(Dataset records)
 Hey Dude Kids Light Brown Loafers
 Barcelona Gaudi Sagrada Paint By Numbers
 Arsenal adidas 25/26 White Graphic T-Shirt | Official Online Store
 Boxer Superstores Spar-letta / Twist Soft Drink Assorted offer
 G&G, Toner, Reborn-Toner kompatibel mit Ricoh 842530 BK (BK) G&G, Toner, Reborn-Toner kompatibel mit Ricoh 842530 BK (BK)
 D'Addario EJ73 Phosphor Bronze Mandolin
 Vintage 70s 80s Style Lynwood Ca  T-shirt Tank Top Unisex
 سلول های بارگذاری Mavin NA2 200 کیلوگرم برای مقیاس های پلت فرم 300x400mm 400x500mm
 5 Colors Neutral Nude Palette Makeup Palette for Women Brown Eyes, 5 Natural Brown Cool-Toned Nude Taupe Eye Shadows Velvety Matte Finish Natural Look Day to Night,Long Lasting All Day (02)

● Work required: Please restate only the opening stretch of the records above: every line from the first through the one containing "D'Addario EJ73 Phosphor Bronze Mandolin", exactly as written.

● Expected answer:
 Hey Dude Kids Light Brown Loafers
 Barcelona Gaudi Sagrada Paint By Numbers
 Arsenal adidas 25/26 White Graphic T-Shirt | Official Online Store
 Boxer Superstores Spar-letta / Twist Soft Drink Assorted offer
 G&G, Toner, Reborn-Toner kompatibel mit Ricoh 842530 BK (BK) G&G, Toner, Reborn-Toner kompatibel mit Ricoh 842530 BK (BK)
 D'Addario EJ73 Phosphor Bronze Mandolin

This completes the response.